Мойше тяжело вздохнул. А бабка Крейнца продолжала:

— Конечно, слушать это тяжело, кто же не знает, сват, человеку, да еще такому, как вы, имя дороже всего. Даже один лишь раз услышать дурное слово о себе — не дай Бог! Да минует нас всех эта участь. Но дело важнее всего. Надобно переждать трудное время… Я вижу, сват, вы поглядываете на меня искоса, вам невдомек, как это я могла сказать такое, и вообще, с какой стати я взяла себе право толковать о делах, в которые вы не разрешаете вмешиваться даже собственной жене. Я вижу, вы хотите спросить: кто посылал за мной и кто мне разрешил давать вам такие советы. Но поверьте, сват, что мы имеем в виду только ваше благо и благо ваших детей. Все плохое — на головы врагов, а меня вы ни в чем заподозрить не можете. Я знаю, в подобных случаях человек сам себе порой недруг: он ослеплен, думает только, как спасти свою честь. Родные тогда обязаны вывести его на правильную дорогу, убедить его, что честью можно иной раз поступиться, гонор прижать и думать об основном, о главном. Когда есть главное, все остальное приходит само собой — и честь, и имя. О вчерашнем бесчестье никто не помнит, как не помнят вчерашнего дня. Так что, сват, будьте благоразумны и послушайтесь меня, потому что не плохого хочу я для вас, а забочусь об общем благе и добром завтрашнем дне наших детей.

Мойше Машбер, слушая длинную речь бабки Крейнцы, молчал, как оглушенный, и только время от времени исподлобья поглядывал на нее. Никак нельзя было предугадать, какой ответ вызовет у него такая речь, потому что ударила она его крепко, и ответ мог быть различным: он мог, сдерживая гнев и памятуя, кто сидит перед ним, холодно спросить: «А в самом деле, кто вас приглашал, кто посылал за вами?»; или хуже — он мог вспыхнуть, вскипеть, как это было, когда Сроли вывел его из себя и он в ярости, забыв, где находится и что говорит, выгнал его из дому. Вне себя он мог крикнуть: «Вон из моего дома!» Все было возможно, человек ведь всего только человек. После долгого молчания Мойше тихо произнес:

— Значит, дело дошло до советов, и более близких не нашлось. Пришлось выписывать советчика издалека, как городского доктора к больному арендатору… — Он поднялся с кресла и, как будто не замечая бабки, вышел из гостиной.

После этого разговора бабка Крейнца долго в N не задержалась. Перед отъездом она сказала Нохуму:

— Я сделала все, что могла, сделала то, что все родители в таких случаях делают. Приехала, поговорила, доказывала, но ничего не добилась. Мне он не ответил, но это ничего: в дверь уже постучали и в свое время он откликнется. Он теперь подавлен, настаивать нельзя. А там полагаюсь на тебя, надеюсь, в нужную минуту ты сделаешь все необходимое.
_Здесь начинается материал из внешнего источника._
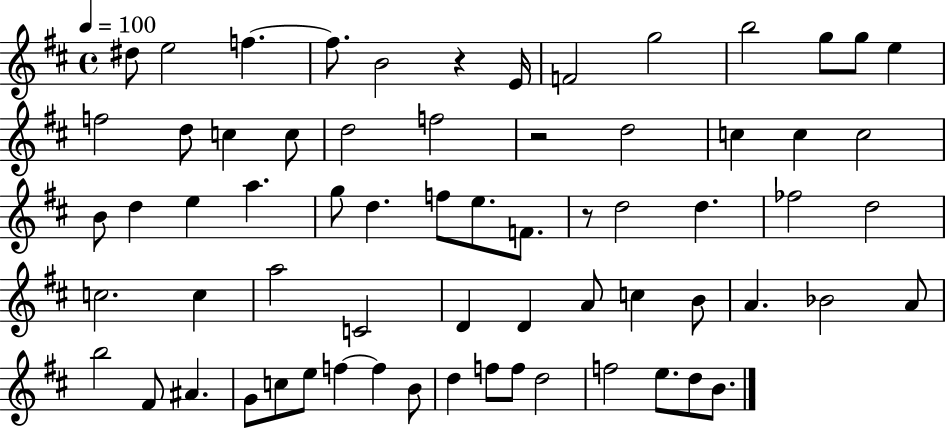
{
  \clef treble
  \time 4/4
  \defaultTimeSignature
  \key d \major
  \tempo 4 = 100
  dis''8 e''2 f''4.~~ | f''8. b'2 r4 e'16 | f'2 g''2 | b''2 g''8 g''8 e''4 | \break f''2 d''8 c''4 c''8 | d''2 f''2 | r2 d''2 | c''4 c''4 c''2 | \break b'8 d''4 e''4 a''4. | g''8 d''4. f''8 e''8. f'8. | r8 d''2 d''4. | fes''2 d''2 | \break c''2. c''4 | a''2 c'2 | d'4 d'4 a'8 c''4 b'8 | a'4. bes'2 a'8 | \break b''2 fis'8 ais'4. | g'8 c''8 e''8 f''4~~ f''4 b'8 | d''4 f''8 f''8 d''2 | f''2 e''8. d''8 b'8. | \break \bar "|."
}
После беседы с бабкой Крейнцей Мойше долго не мог прийти в себя. Он был рассеян, не слышал, что ему говорят; нужно было один и тот же вопрос много раз повторять, чтобы он понял, чего от него хотят. Одно он теперь знал твердо — что держаться от Нохума надо подальше.

Однажды вечером тайно, чтобы никто из работников конторы и даже домочадцев не знал, Мойше Машбер встретился со своим поверенным Ициком Зильбургом. Обычно, если было нужно, Мойше ходил к Ицику сам, но на этот раз он пригласил поверенного к себе.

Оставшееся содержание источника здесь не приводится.